Cinq décennies après leur installation dans le désert algérien, plus de 170 000 réfugiés sahraouis survivent dans des camps où la chaleur extrême, l'isolement et le manque de ressources sont la norme. La dépendance à l'aide internationale est totale, et la crainte d'être relégués dans un monde en proie à des crises constantes grandit chaque jour.

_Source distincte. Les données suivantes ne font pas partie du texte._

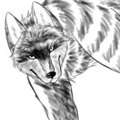 Day 2 - My Favourite Animal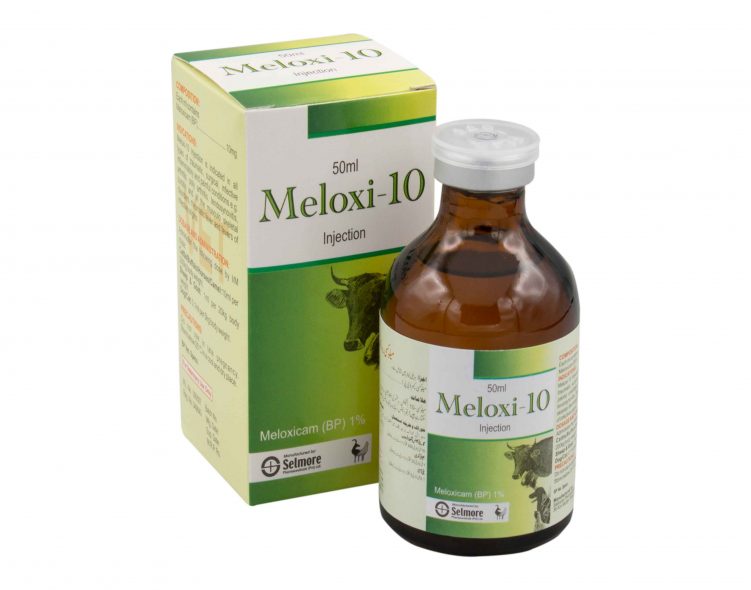 Meloxi-10 Injection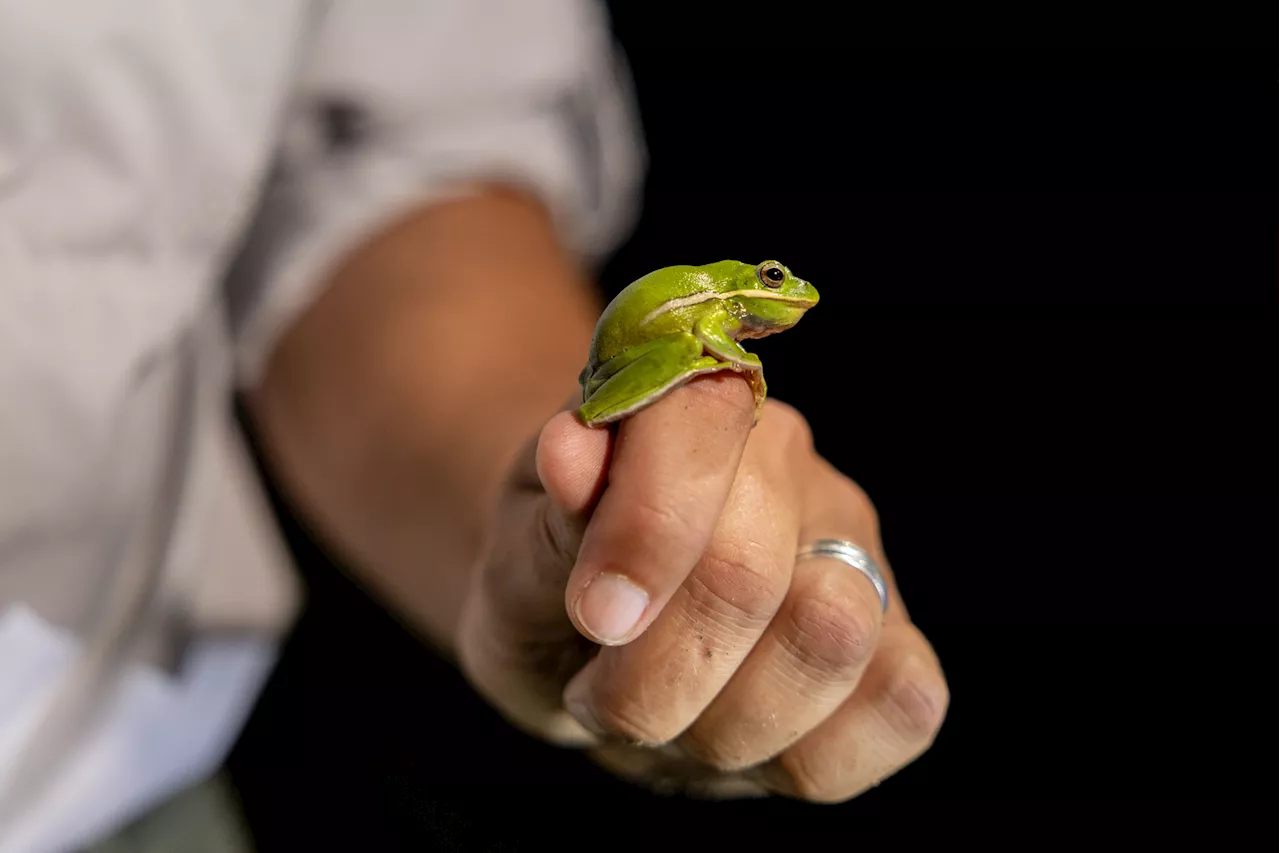 Species identified around Natural Bridge Caverns suggest Hill Country protections needed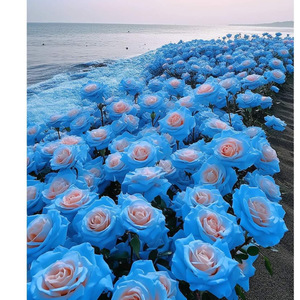 Lukison Ku Ilo Sodop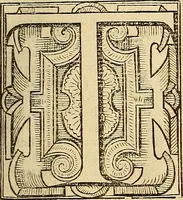 An illustration from The Florentine historie. (1595)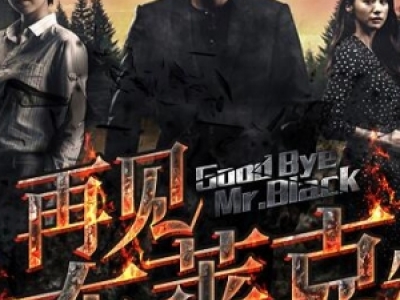 Goodbye Mr BlackҊ(jin)R044YԴٶ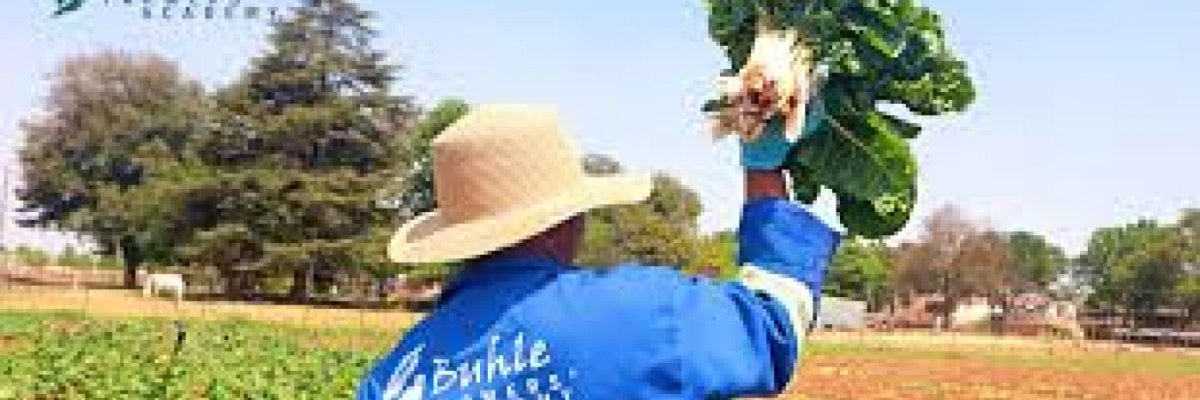 Buhle Farmers' Academy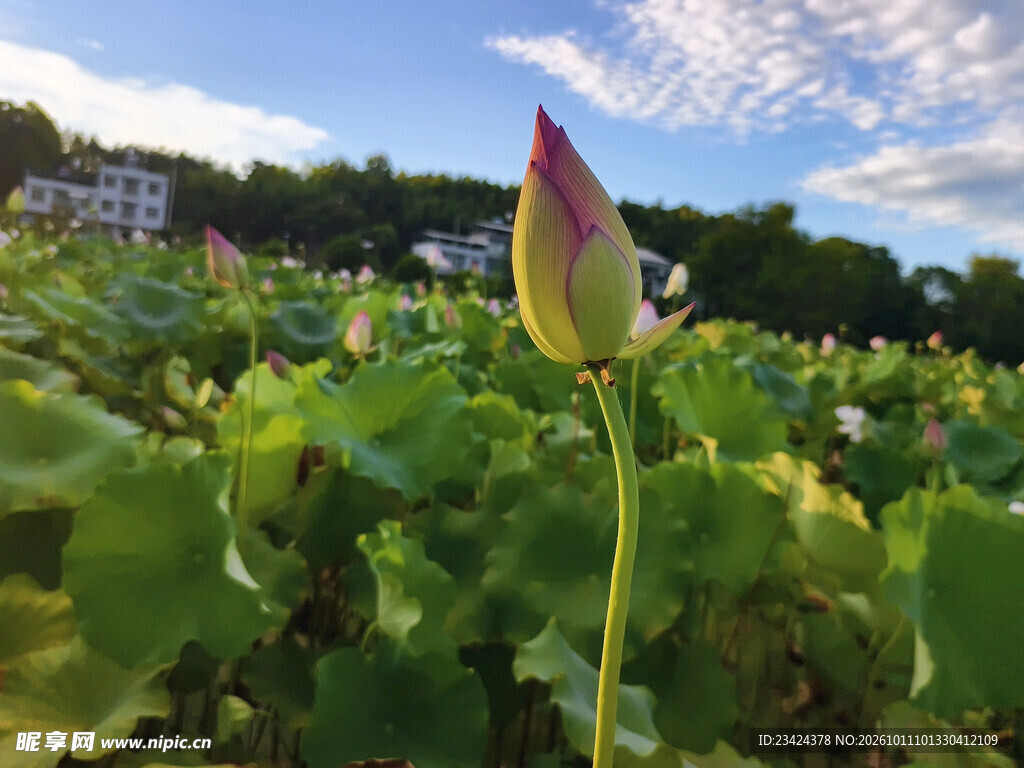 一枝荷花花苞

Déploiement technologique dans le désert : la connectivité comme frontière 📡
Les infrastructures de télécommunication dans les camps sont limitées. La couverture mobile dépend d'antennes satellitaires et de répéteurs de signal fonctionnant avec des panneaux solaires, en raison de l'absence de réseau électrique stable. Des projets de radio numérique et d'accès à Internet par fibre optique ont été mis en œuvre par des agences de coopération, mais la bande passante est réduite et la maintenance des équipements est complexe à cause du sable et des températures extrêmes.
Le wifi du désert : plus lent qu'un dromadaire avec la gueule de bois 🐪
La vitesse de connexion dans les camps est si faible que télécharger un mème prend plus de temps que de monter une tente. Les jeunes Sahraouis ont développé une patience stoïque : ils attendent cinq minutes pour qu'une vidéo d'une minute se charge. Au moins, quand le vent renverse l'antenne, ils ont une excuse parfaite pour blâmer la météo et faire une sieste au soleil.